Could nanotechnology help squeeze more oil and gas out of the ground? That's the hope of a consortium of energy companies that is putting millions of dollars into the development of new micro- and nanosensor technologies.

The seven companies that make up the Advanced Energy Consortium (AEC), which includes Halliburton Energy Services, BP America, and ConocoPhilips, will put up $21 million in total to fund the research. The aim is to develop subsurface sensors that can be used to improve both the discovery and the recovery of hydrocarbons.

"It's been a long time coming," says Wade Adams, director of the Richard E. Smalley Institute for Nanoscale Science and Technology at Rice University, in Houston, a technical partner to the consortium. "It's the first time the energy companies have got together to fund this kind of research, so it really is a big deal," he says.

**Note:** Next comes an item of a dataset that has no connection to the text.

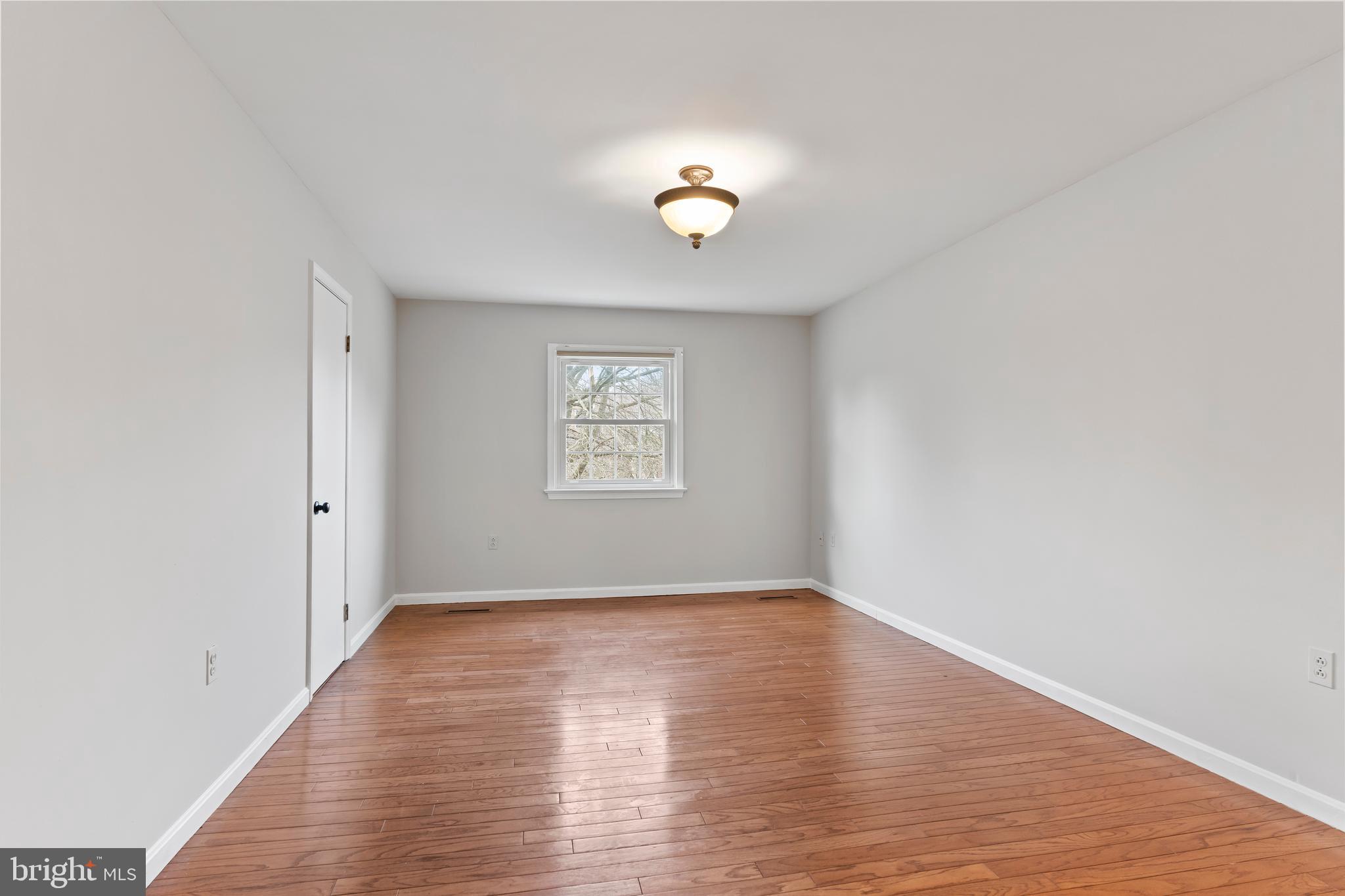 COUNTRY CLUB PARK - Residential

Currently, even with the most advanced recovery techniques, only about 40 percent of the oil and gas in reservoirs can be recovered. The hope is that by injecting novel sensors into these reservoirs, it will be possible to more accurately map them in 3-D, increase the amount of fuel extracted, and minimize the environmental impact.

The financial investment--equivalent to $1 million per year from each company for three years--is "a very good sign," says Kris Pister, a professor of electrical engineering and computer science at the University of California, Berkeley, who has spent several years developing distributed sensors known as smart dust. It means that the energy companies now understand the potential of small-scale distributed-sensors technologies, he says.

"There is good reason to suspect that this technology could help," says Pister. Distributed wireless sensor technologies are becoming increasingly sophisticated, and now even have their own wireless standard: the highway addressable remote transducer, or HART.

Right now, the only way to find these reservoirs and gauge their precise size and capacity is through seismic means, or by simply drilling down. "But you don't get much information," says Adams. Surface and down-hole seismic techniques have limited resolution, while drilling can only take readings for the two-foot region surrounding the drill bore, he says.